From photos to video, cameras are the most accurate way to create a visual representation of the world, especially when it comes to self-driving cars.

An autonomous driving camera sensor developed by NVIDIA DRIVE partner Sekonix.

Autonomous vehicles rely on cameras placed on every side — front, rear, left and right — to stitch together a 360-degree view of their environment. Some have a wide field of view — as much as 120 degrees — and a shorter range. Others focus on a more narrow view to provide long-range visuals.

Some cars even integrate fish-eye cameras, which contain super-wide lenses that provide a panoramic view, to give a full picture of what’s behind the vehicle for it to park itself.

Though they provide accurate visuals, cameras have their limitations. They can distinguish details of the surrounding environment, however, the distances of those objects needs to be calculated to know exactly where they are. It’s also more difficult for camera-based sensors to detect objects in low visibility conditions, like fog, rain or nighttime.

On the Radar

Radar sensors can supplement camera vision in times of low visibility, like night driving, and improve detection for self-driving cars.

Traditionally used to detect ships, aircraft and weather formations, radar works by transmitting radio waves in pulses. Once those waves hit an object, they return to the sensor, providing data on the speed and location of the object.

Like the vehicle’s cameras, radar sensors typically surround the car to detect objects at every angle. They’re able to determine speed and distance, however, they can’t distinguish between different types of vehicles.
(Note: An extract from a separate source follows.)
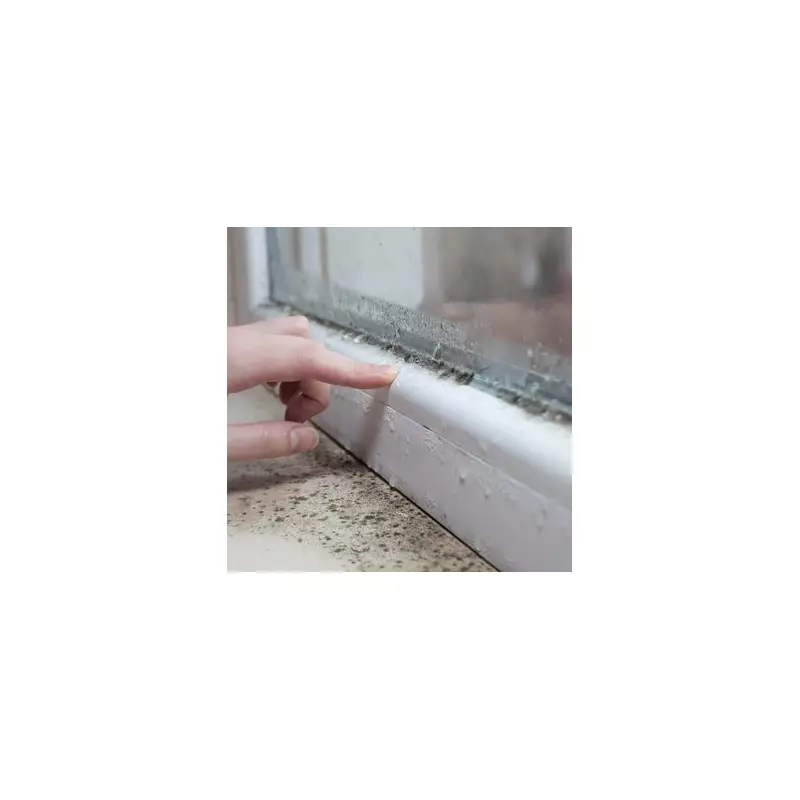 Stop Window Condensation with a £1 Hack and 5 Expert Tips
While the data provided by surround radar and camera are sufficient for lower levels of autonomy, they don’t cover all situations without a human driver. That’s where lidar comes in.

Laser Focus

Camera and radar are common sensors: most new cars today already use them for advanced driver assistance and park assist. They can also cover lower levels of autonomy when

Lidar sensor developed by NVIDIA DRIVE partner Velodyne.
a human is supervising the system.

However, for full driverless capability, lidar — a sensor that measures distances by pulsing lasers — has proven to be incredibly useful.

Lidar makes it possible for self-driving cars to have a 3D view of their environment. It provides shape and depth to surrounding cars and pedestrians as well as the road geography. And, like radar, it works just as well in low-light conditions.

By emitting invisible lasers at incredibly fast speeds, lidar sensors are able to paint a detailed 3D picture from the signals that bounce back instantaneously. These signals create “point clouds” that represent the vehicle’s surrounding environment to enhance safety and diversity of sensor data.

Vehicles only need lidar in a few key places to be effective. However, the sensors are more expensive to implement — as much as 10 times the cost of camera and radar — and have a more limited range.

Putting It All Together

Camera, radar and lidar sensors provide rich data about the car’s environment. However, much like the human brain processes visual data taken in by the eyes, an autonomous vehicle must be able to make sense of this constant flow of information.

Self-driving cars do this using a process called sensor fusion. The sensor inputs are fed into a high-performance, centralized AI computer, such as the NVIDIA DRIVE AGX platform, which combines the relevant portions of data for the car to make driving decisions.

So rather than rely just on one type of sensor data at specific moments, sensor fusion makes it possible to fuse various information from the sensor suite — such as shape, speed and distance — to ensure reliability.

It also provides redundancy. When deciding to change lanes, receiving data from both camera and radar sensors before moving into the next lane greatly improves the safety of the maneuver, just as current blind-spot warnings serve as a backup for human drivers.

The DRIVE AGX platform performs this process as the car drives, so it always has a complete, up-to-date picture of the surrounding environment. This means that unlike human drivers, autonomous vehicles don’t have blindspots and are always vigilant of the moving and changing world around them.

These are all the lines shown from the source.